Zaginięcie Iwony Wieczorek. Szokujące wieści na temat pieniędzy
Sprawa Iwony Wieczorek od 14 lat pozostaje niewyjaśniona, a śledztwem interesuje się ogromna rzesza osób, którym niezwykle zależy na rozwiązaniu zagadki. Niestety, żaden z tropów nie odpowiedział do tej pory na pytanie, co stało się z Iwoną po wyjściu z sopockiego klubu. Prokuratura właśnie ujawniła, ile środków przeznaczono na jej poszukiwania.

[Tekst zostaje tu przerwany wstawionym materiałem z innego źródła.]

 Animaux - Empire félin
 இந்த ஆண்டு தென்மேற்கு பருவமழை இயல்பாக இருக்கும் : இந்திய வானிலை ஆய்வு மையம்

Nowy wątek w sprawie Iwony Wieczorek
Iwona Wieczorek po raz ostatni widziana była w nocy z 16 na 17 lipca 2010 r., kiedy wracała z imprezy w sopockim klubie. Pomiędzy 19-latką a jej znajomymi doszło do sprzeczki, a ona zdecydowała o samodzielnym powrocie do domu w Gdańsku. Niestety, nigdy tam nie trafiła.
W sprawie Iwony Wieczorek w ostatnich miesiącach pojawiła się nadzieja na przełom – stołeczni policjanci uzyskali informację, że związek z zaginięciem kobiety może mieć kierowca białego Fiata , widoczny na kamerach monitoringu.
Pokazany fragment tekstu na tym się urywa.